*** Begin section ***
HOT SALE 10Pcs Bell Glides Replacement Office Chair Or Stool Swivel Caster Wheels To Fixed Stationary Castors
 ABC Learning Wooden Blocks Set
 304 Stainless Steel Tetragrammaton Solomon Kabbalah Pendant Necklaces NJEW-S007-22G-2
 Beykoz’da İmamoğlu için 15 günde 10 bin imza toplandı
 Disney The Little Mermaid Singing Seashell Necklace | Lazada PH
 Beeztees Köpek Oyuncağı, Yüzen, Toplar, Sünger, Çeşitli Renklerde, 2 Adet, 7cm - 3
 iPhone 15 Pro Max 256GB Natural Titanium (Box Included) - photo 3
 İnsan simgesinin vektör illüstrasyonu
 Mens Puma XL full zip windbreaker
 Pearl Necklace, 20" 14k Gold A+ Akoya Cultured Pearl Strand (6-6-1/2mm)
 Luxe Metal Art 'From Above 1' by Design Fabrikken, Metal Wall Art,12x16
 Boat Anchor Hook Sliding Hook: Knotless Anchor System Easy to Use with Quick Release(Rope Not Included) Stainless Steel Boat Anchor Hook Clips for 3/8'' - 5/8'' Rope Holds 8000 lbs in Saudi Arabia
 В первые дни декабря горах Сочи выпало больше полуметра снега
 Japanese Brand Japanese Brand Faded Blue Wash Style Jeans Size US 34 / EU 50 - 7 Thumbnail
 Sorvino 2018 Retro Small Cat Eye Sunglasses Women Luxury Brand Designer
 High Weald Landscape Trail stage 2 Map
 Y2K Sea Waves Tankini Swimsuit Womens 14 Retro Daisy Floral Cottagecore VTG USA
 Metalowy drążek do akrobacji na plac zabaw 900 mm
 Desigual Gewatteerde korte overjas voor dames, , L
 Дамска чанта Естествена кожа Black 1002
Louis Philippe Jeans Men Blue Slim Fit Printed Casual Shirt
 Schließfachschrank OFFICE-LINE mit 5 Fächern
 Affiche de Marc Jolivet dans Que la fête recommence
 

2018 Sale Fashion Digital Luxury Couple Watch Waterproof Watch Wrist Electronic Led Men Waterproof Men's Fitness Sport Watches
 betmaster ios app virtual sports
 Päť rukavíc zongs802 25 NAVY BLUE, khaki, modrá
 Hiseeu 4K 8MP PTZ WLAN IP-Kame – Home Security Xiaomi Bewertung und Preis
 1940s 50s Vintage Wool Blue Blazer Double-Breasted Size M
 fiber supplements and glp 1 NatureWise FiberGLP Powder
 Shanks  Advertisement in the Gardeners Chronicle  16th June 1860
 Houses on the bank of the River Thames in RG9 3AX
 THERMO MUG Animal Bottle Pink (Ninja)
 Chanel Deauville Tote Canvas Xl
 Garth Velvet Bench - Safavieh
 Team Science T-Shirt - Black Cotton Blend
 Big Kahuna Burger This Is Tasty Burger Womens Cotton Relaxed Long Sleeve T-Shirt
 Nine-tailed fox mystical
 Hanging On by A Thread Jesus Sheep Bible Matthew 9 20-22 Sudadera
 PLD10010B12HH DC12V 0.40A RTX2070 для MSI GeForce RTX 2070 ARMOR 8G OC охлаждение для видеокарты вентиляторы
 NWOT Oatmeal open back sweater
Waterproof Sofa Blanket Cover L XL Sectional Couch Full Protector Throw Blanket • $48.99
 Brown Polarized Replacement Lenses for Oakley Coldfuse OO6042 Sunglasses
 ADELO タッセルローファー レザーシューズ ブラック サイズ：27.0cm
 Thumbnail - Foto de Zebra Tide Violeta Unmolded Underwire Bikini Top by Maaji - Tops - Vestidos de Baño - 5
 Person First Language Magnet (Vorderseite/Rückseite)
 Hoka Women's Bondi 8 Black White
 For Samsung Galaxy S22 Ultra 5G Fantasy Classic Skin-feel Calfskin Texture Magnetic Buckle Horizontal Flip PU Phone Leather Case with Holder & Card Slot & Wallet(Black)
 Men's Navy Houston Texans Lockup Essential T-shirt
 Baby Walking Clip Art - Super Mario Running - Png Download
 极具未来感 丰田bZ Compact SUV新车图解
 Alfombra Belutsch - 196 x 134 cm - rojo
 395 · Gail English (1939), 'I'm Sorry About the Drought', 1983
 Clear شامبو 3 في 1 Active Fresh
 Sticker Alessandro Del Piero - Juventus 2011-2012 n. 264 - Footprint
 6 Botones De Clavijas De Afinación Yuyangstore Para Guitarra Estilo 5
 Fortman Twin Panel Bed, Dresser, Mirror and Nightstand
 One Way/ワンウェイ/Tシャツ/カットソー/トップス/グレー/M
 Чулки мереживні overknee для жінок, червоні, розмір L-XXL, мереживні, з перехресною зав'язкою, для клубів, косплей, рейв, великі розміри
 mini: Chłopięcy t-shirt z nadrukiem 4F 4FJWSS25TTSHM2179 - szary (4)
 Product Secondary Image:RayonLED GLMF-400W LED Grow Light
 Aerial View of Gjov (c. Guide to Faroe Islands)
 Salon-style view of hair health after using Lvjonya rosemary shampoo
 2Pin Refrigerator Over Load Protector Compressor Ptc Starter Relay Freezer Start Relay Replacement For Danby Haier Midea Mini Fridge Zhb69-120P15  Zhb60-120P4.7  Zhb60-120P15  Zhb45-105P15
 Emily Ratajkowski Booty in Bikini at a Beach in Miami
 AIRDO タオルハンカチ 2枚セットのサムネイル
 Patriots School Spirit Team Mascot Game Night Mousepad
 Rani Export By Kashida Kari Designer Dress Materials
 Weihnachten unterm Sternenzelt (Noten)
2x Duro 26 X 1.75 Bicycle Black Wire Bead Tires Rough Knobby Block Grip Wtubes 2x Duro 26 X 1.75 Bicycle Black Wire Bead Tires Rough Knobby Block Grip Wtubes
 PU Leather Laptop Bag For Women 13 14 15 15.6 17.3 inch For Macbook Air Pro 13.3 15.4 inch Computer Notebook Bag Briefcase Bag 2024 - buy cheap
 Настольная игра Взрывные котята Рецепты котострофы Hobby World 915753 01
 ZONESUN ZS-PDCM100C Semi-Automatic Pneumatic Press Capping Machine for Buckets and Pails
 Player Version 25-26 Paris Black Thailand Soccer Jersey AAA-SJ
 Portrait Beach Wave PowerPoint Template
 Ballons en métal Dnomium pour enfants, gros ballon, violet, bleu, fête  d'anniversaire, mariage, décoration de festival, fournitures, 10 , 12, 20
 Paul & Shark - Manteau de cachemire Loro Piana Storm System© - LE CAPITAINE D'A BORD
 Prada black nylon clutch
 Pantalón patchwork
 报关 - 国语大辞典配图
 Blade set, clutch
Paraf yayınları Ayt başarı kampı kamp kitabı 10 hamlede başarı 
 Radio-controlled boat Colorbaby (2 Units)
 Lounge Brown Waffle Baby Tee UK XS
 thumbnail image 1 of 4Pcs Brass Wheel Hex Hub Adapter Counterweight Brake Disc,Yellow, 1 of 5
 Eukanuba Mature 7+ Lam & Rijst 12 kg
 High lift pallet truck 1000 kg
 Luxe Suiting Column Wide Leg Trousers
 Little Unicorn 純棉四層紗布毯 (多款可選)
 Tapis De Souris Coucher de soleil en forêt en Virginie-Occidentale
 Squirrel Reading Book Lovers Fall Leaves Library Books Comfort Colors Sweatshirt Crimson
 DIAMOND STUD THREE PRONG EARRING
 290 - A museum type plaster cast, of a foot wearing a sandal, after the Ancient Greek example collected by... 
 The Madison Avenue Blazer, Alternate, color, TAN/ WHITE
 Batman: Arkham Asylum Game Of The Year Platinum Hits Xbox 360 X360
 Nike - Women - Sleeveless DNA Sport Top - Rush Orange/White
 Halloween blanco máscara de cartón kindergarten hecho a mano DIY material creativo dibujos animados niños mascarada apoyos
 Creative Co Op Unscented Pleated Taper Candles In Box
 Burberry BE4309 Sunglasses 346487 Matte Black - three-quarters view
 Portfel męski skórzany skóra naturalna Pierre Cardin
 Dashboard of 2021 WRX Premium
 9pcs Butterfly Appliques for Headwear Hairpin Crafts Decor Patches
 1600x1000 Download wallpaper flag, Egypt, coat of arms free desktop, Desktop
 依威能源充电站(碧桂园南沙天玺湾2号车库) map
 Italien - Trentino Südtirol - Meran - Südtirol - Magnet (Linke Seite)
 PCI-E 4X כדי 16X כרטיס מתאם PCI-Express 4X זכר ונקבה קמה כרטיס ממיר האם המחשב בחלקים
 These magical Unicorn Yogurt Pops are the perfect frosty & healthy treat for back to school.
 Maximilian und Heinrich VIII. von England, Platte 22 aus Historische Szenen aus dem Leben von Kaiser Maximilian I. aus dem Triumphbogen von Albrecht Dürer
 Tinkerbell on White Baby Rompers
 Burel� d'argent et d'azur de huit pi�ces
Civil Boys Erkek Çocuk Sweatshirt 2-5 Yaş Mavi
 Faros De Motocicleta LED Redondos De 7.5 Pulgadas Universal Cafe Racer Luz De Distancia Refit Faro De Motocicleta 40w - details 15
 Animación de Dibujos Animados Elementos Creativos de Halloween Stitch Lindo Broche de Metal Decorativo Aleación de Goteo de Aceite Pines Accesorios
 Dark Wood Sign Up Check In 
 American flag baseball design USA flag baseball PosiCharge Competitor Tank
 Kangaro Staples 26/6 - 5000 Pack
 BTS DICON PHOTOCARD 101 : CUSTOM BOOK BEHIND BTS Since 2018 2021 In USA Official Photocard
*** End section ***
## TASK DETAILS
Copy range, inclusive: the line holding "Alfombra Belutsch - 196 x 134 cm - rojo" to the line holding "One Way/ワンウェイ/Tシャツ/カットソー/トップス/グレー/M". Reproduce exactly those lines of the records above and no others.

## EXERCISE OUTPUT
 Alfombra Belutsch - 196 x 134 cm - rojo
 395 · Gail English (1939), 'I'm Sorry About the Drought', 1983
 Clear شامبو 3 في 1 Active Fresh
 Sticker Alessandro Del Piero - Juventus 2011-2012 n. 264 - Footprint
 6 Botones De Clavijas De Afinación Yuyangstore Para Guitarra Estilo 5
 Fortman Twin Panel Bed, Dresser, Mirror and Nightstand
 One Way/ワンウェイ/Tシャツ/カットソー/トップス/グレー/M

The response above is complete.